41番目
《本は棚プレートだ》
書店では棚の一番上にジャンル表示をしている。 文芸書のコーナーでは<時代小説> <エッセイ> <冒険小説> <海外文学> というようなやつである。
これはほんのチョットしたことなのだけど、 各ジャンルにはそれぞれに売れ行きの安定した本、 ロングセラーや売れ行き良好書、それにちょっと読者にアピールしたい本というものがある。 こうした本を棚でフルカバー展示すると、 棚プレートと連動して、 一目でその棚が何の棚なのか読者にわかる。1間5段棚でふたつくらいこうして展示すると、 棚がいきいきしてくる。 注意しなければならないのは、 長期にわたって同じ本をフルカバーにはしないこと。 少なくても毎月代えて欲しいと思う。 じゃないと単なるカンバンになってしまう。 この方法の利点は、 チョット手抜きなのだが、 棚が縮んだとき、 つまり本が歯抜けになったとき緊急対策として何かをフルカバーにすると、 5冊分くらい棚をもとに戻すことができるというわけだ。 棚がガタガタになっているよりはましである。
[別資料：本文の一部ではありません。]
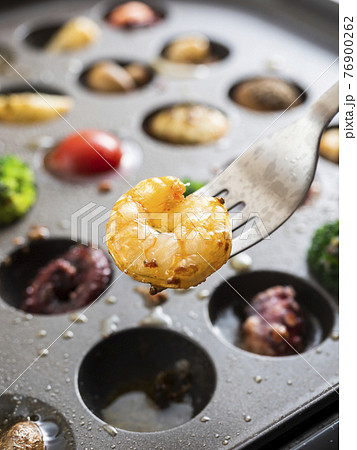 たこ焼き器でアヒージョ たこ焼き器でアヒージョ 76900262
棚というのは毎日見ていると、 どこになにがあるのかすぐにわかるのだが、 初めてその棚を見た人には、 結構キョロキョロとどこになにがあるのかを目で追うものである。 例えば、 料理書の棚なら、 <料理> とか <クッキング> なんていうプレートが棚の上についているだけで、 中華料理や和食なんて分類はプレートにはない。 そこで中華料理の本の群れのなかに一点だけフルカバーしておくと、 中華料理の本を探しているひとはすぐに目につくということである。 べつにこんなことしてもしなくても読者はチャント中華料理の本を料理の棚から探すのだけど、 レイアウトのお遊びとしてやって見ても損はないと思うのですが、 どうでしょう。